According to Symbol, Westbrook had to “shop itself” in 1998 to get companies to come, but over the years that has changed. The city has seen an influx of companies seeking lower property values or rent. Renovations and improvements to existing buildings have made the city nicer and, as a result, more expensive, he said. While Symbol believes rents in Westbrook are still lower than in many surrounding towns, he said he’s seen his go up by about $8 per square foot since he opened. In fact, he said, his lease ends at the end of the year, and he’s not sure if he’ll be able to afford to stay in Westbrook.

“Certainly property values have gone up. Leases have gone up,” said Symbol.

According to many, those increases will only continue as Westbrook attracts more businesses and renovates more of its existing industrial space.

Joyce Talbot of local developer T&T Development said she thinks Westbrook’s growth is just beginning. T&T Development is responsible for the redevelopment of the Edwards Block on Main Street where Portland Pie Company now operates and Sebago Commons in the old Sebago Shoe building on William Clarke Drive, which houses the Cosmotech School of Cosmotology.

“We’re still in the infancy stage of growing,” said Talbot. “There’s a lot of potential for growth and expansion.”

Agreeing with Talbot is Nancy Forrester of Biscaye Consultants, the Old Orchard Beach-based firm the city hired to conduct an independent survey of Westbrook community and business leaders in preparation for this week’s summit.

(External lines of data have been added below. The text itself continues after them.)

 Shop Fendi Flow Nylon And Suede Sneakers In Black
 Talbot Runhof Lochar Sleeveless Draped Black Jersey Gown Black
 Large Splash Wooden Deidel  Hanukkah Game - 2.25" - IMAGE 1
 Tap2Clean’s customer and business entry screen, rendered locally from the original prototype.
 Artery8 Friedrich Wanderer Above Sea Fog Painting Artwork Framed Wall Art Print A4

Forrester believes Westbrook has big potential, a view that changed during the course of conducting the survey. Before the survey, Forrester said, she thought of Westbrook as a former mill town, but now she sees it as a “jewel” of southern Maine.

“I just think now it’s head and shoulders above what it was,” said Forrester this week.

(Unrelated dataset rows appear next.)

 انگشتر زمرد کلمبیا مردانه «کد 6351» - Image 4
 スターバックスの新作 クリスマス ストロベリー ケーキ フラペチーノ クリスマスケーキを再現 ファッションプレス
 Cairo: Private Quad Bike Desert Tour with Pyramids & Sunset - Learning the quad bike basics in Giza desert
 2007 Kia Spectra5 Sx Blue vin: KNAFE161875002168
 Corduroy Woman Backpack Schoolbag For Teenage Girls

What’s ahead for Westbrook

For the city, the summit represents a chance to explore ideas for the future with residents and community and business leaders. In her survey, Forrester said she received many thoughtful comments from the people she talked with, which she said would form the basis for the topics of discussion at the summit.

While she declined to discuss those comments, she said many of them were positive about the direction Westbrook has gone in since the mill downsizing.

“There was a great sense of appreciation for what has happened in the last 10 years and a lot of positive thought,” she said.

She said many people would like to see the trends established in the last eight years continue.

For the future, the city will focus on attracting emerging technology companies, like Idexx, a biotech firm planning to invest more than $100 million in facilities expansions and bringing 500 new employees over the next 20 years. The city will also continue to attract small business, particularly to the downtown, according to Carson.

Toward that end, the focus is on bringing together key people in Westbrook to work together to achieve a common goal. According to Esty, that was an important focus when the mill closed, and is still is.

“If you don’t bring everyone together, who wants to go forward and take a chance?” Esty said.

According to David Mitchell, Disability RMS vice president, that collaboration among the various entities in the city – administration, city council, planning board, all working as a unit – was crucial to his company’s decision to locate in Westbrook

“Other communities had entities working separately,” said Mitchell.

Beyond that, Joyce said it would be important for the city to continue to market itself, a point raised by many at the 2005 summit. “The city should have a solid, attractive marketing plan,” she said.

Information gathered at the 2005 summit suggested that the city would need to do several things to continue attracting new businesses. It would need to establish a skilled employee base for emerging technology businesses through education in the school system. The city would also need to make it easy for small businesses to thrive in Westbrook and also encourage businesses to locate in the downtown.